Friday, January 6, 2012

New Year's Resolution #2

I will consult the dictionary and thesaurus.

We're fortunate to have one of the richest, largest languages in existence - according to Oxford Dictionaries, we've got at least a quarter of a million words to work with. The ideal word is always out there, if you're willing to look for it; and with online dictionaries, the right-click thesaurus in Word, and the lovely dictionary/thesaurus on Macbook, finding it isn't exactly the quest it used to be.

There's no excuse for using the same adjective three times in a paragraph -- but there is a more awful crime: Even worse than limited diction is inappropriate diction.  At best, you use vocabulary that is obviously overreaching: a classic Someone Hit the Thesaurus Button scenario. At worst, you completely misuse a word and end up looking like George H.W.  (Actually, even worse than that is when you misspell a word and end up looking like his VP.)

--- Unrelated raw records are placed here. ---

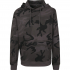 Hoodie Camo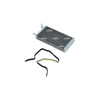 NRF Heater Matrix 53555 thumbnail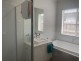 Palmview QLD 4553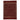 8' 11" x 12' 5" (09x12) Afghan Yomud Wool Rug #011086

So here is my 3 Step Guide to Better Diction in 2012:

  1. Use the thesaurus constantly.
  2. Only use it to jog your memory: pick words you actually know and occasionally use.
  3. Even if you think you know a word, check its spelling and definition anyway.

Best Friend!
If you were to add to that list, I'd recommend the adage of the singularly pithy Winston Churchill: "Broadly speaking, the short words are best and the old words best of all." If you doubt it, read this blog post about a study on word choice and perceived intelligence. Evidently, it is the smarties that keep it simple. 

Sunday, January 1, 2012

Opening Up a Can of Clichés

At the risk of stealing on of Kate the Younger’s New Year’s resolutions, I want to sneak in here and with a curmudgeonly end of year complaint about clichés.

On fellow speechwriter David Meadvin’s blog, he recently complained about politicians who overuse the phrase “America’s best days are ahead,” a soul-sucked version of President’ Hoover’s “prosperity is just around the corner.” 

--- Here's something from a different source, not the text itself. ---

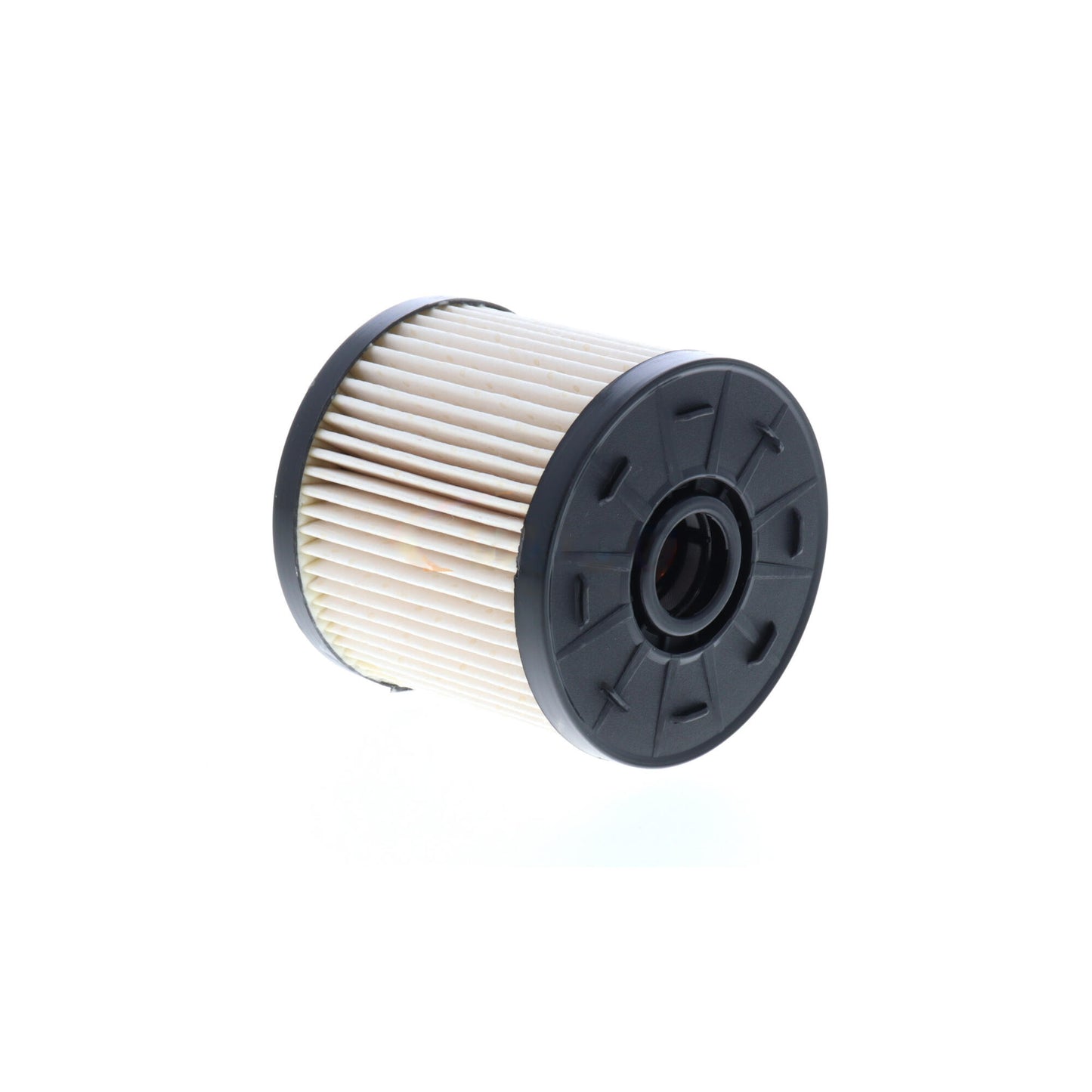 VAICO Fuel filter V25-1991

I have to admit to some sympathy to the writers who keep dragging this war horse out and plopping it into stump speeches, especially ones for incumbents.  The phrase is a neat way to brush right by the point each of these speakers needs to make, if only to avoid a Bush Sr. at the grocery scanner moment of cluelessness : “Yes, the economy stinks, you lost your job, and your Kmart closed before a rich benefactor came along to help you get that automatic foot massager out of layaway, but there is a plan: It is going to get better, just elect or re-elect me.”

So when does a tired phrase or an oft-wielded political dodge turn into cliché?  I think when it has, through numbing repetition, lost so much meaning that one starts to hear it used, not just mindlessly, but senselessly.

Take my nominee for cliché of the year, 2011: “kick the can down the road,” deployed endlessly by commentators and politicians alike during the 600 or 700 crises this year during which Congress found yet another way to dodge its fiscal responsibilities.

I knew the phrase had crossed the mighty divide into cliché-dom when an earnest representative of the nation’s youth (note to youth, by the way, when you hold your secret meetings to elect your representatives, work on getting someone who sounds a little less like a self-impressed prig) said on NPR: “Congress has kicked the can down the road again, and the nation’s youth are the can.”

No -- you are not.  While I have no objections to kicking the nation’s youth down the road -- if only to get through the election season without having to listen to another self-satisfied late teen talk seriously about not wasting his first vote in a presidential election -- the nation’s youth are not the can.  They may one day be on the receiving end of a flying can, one stuffed with degraded Treasury bonds and worthless Fannie Mae stock, but they are not the can.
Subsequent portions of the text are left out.